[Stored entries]
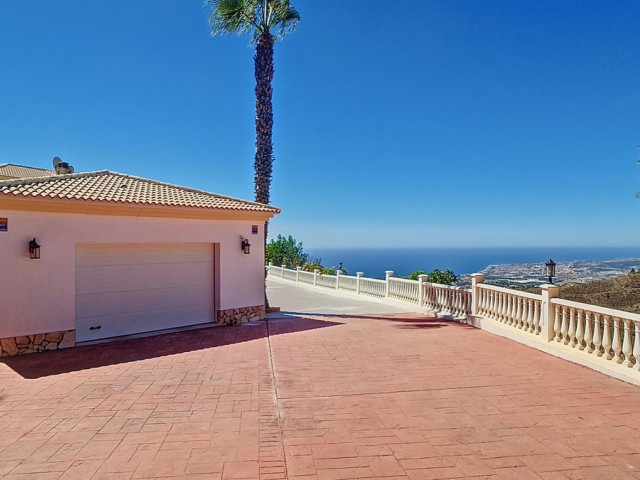 4 Schlafzimmer Villa in Arenas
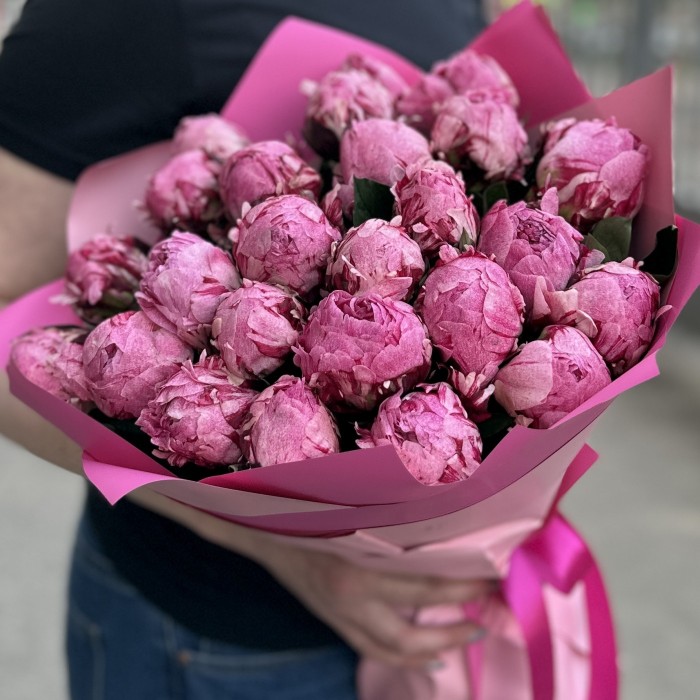 Букет из 25 пионов Александр-Эльза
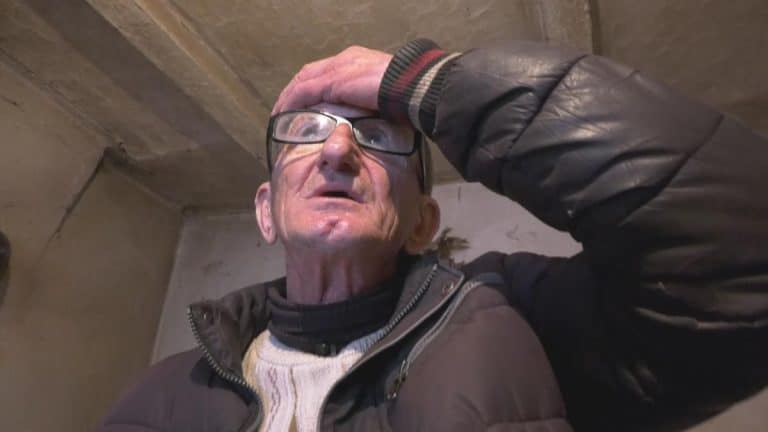 NA NJEGA SE LEPI SVE SEM PARA: Od čepova do šerpi i poklopaca! Miladin čvrsto veruje da ima bioenergiju, ali i  ovaj dar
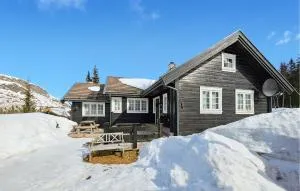Gorgeous Home In Eggedal With Kitchen - Stamn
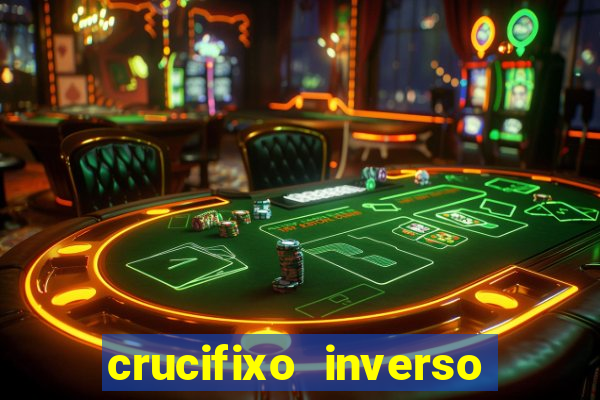 crucifixo inverso com halteres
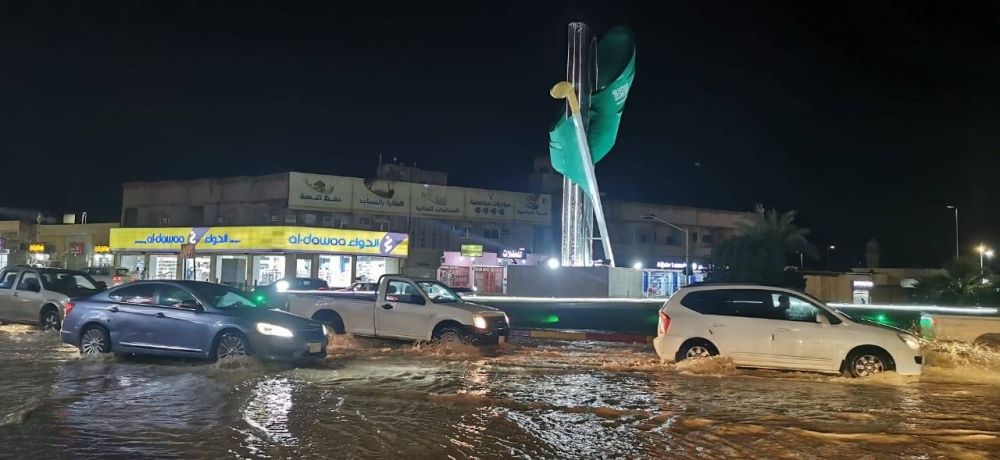 الأمطار تُجري الأودية والشعاب في المزاحمية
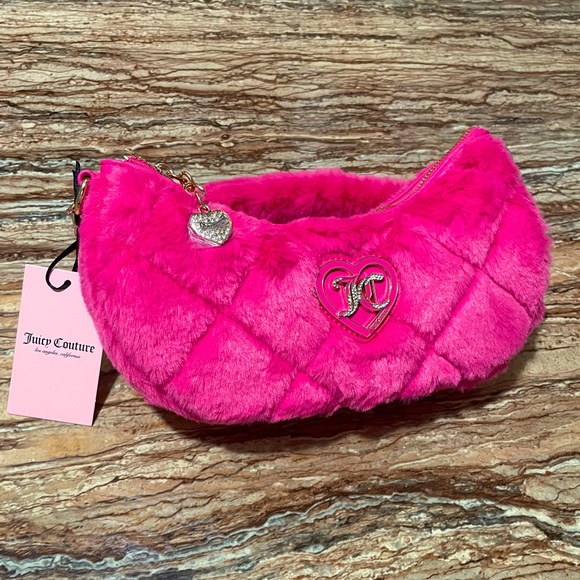 Juicy Couture - Picture 5 of 9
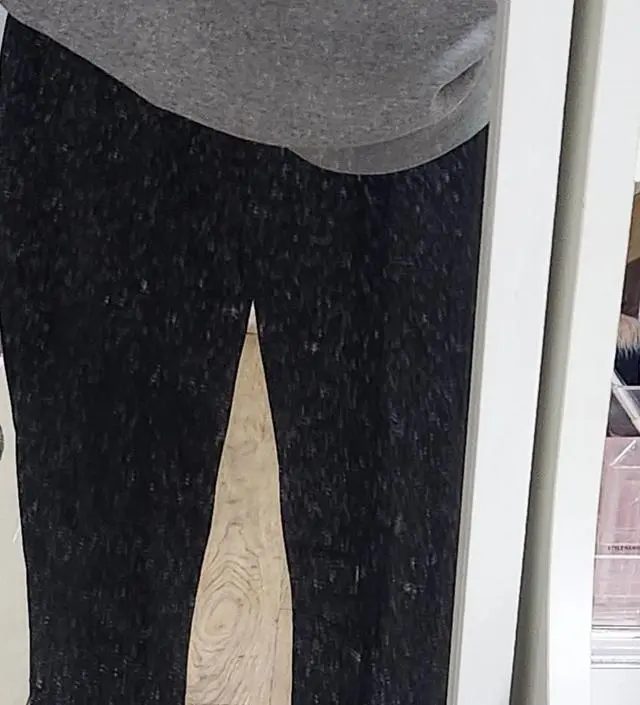 제가 하비라 항상 와이드라고해도 핏이 딱맞거나 엉덩이쪽이 타이트했는데 정말 입으니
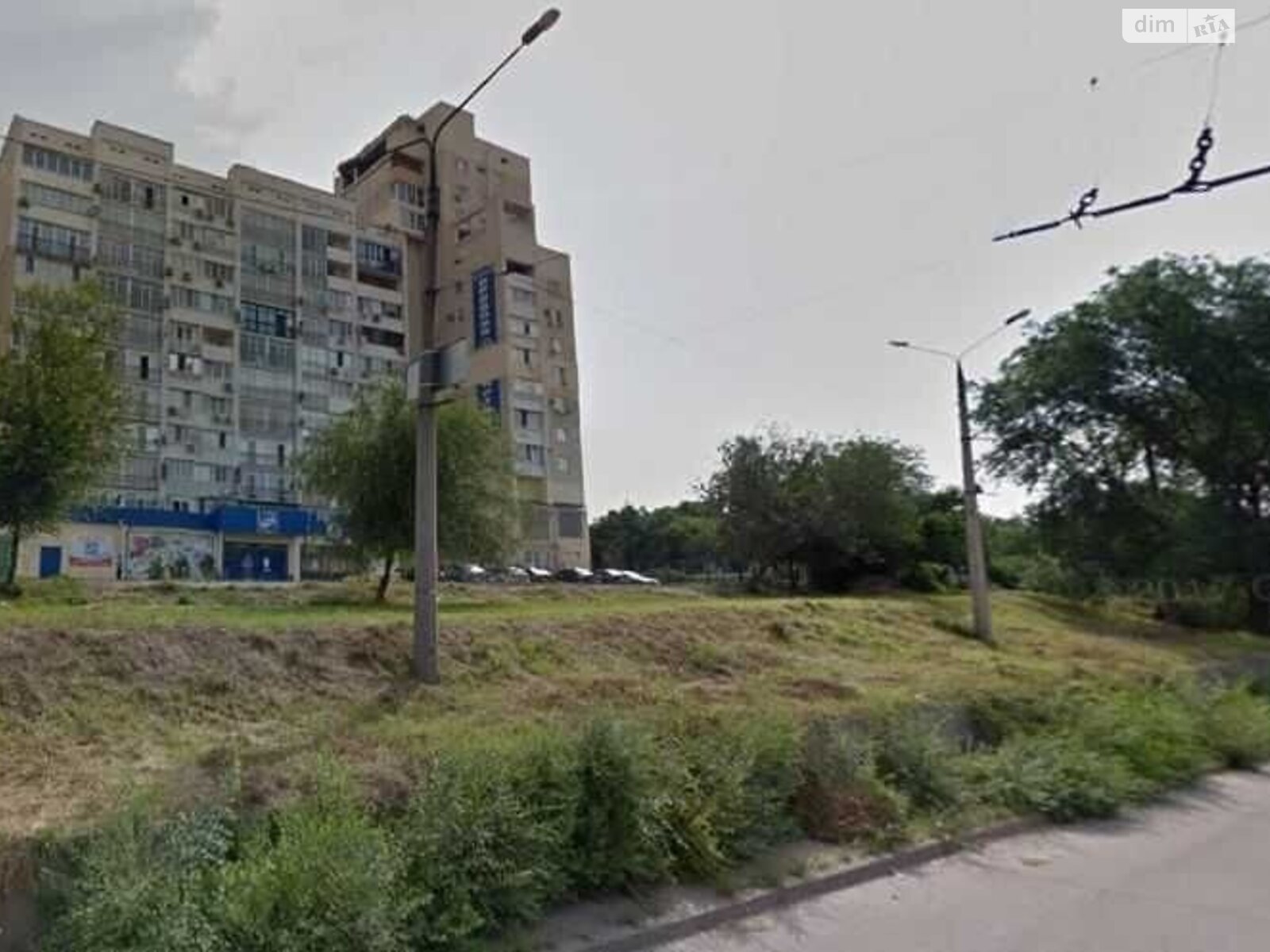 Продаж трикімнатної квартири в Запоріжжі, на бул. Центральний 26, район Вознесенівський (Орджонікідзевський) фото 1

#### [Work order]
Could you return exactly the lines starting with the one that contains "الأمطار تُجري الأودية والشعاب في المزاحمية" and ending with the last line of the data above? Leave the pictures out.

#### [Response for this exercise]
 الأمطار تُجري الأودية والشعاب في المزاحمية
 Juicy Couture - Picture 5 of 9
 제가 하비라 항상 와이드라고해도 핏이 딱맞거나 엉덩이쪽이 타이트했는데 정말 입으니
 Продаж трикімнатної квартири в Запоріжжі, на бул. Центральний 26, район Вознесенівський (Орджонікідзевський) фото 1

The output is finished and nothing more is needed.